What you should do: Without altering a single character, set down all of the data below.

Excerpted records:
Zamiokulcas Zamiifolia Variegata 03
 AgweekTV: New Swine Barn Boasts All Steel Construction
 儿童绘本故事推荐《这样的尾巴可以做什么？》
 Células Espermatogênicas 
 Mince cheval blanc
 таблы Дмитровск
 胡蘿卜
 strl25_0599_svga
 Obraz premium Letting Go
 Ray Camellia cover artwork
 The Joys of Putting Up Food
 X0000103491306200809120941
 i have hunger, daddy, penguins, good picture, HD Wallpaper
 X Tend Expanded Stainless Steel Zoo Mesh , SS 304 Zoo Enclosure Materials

Result for this exercise:
Zamiokulcas Zamiifolia Variegata 03
 AgweekTV: New Swine Barn Boasts All Steel Construction
 儿童绘本故事推荐《这样的尾巴可以做什么？》
 Células Espermatogênicas 
 Mince cheval blanc
 таблы Дмитровск
 胡蘿卜
 strl25_0599_svga
 Obraz premium Letting Go
 Ray Camellia cover artwork
 The Joys of Putting Up Food
 X0000103491306200809120941
 i have hunger, daddy, penguins, good picture, HD Wallpaper
 X Tend Expanded Stainless Steel Zoo Mesh , SS 304 Zoo Enclosure Materials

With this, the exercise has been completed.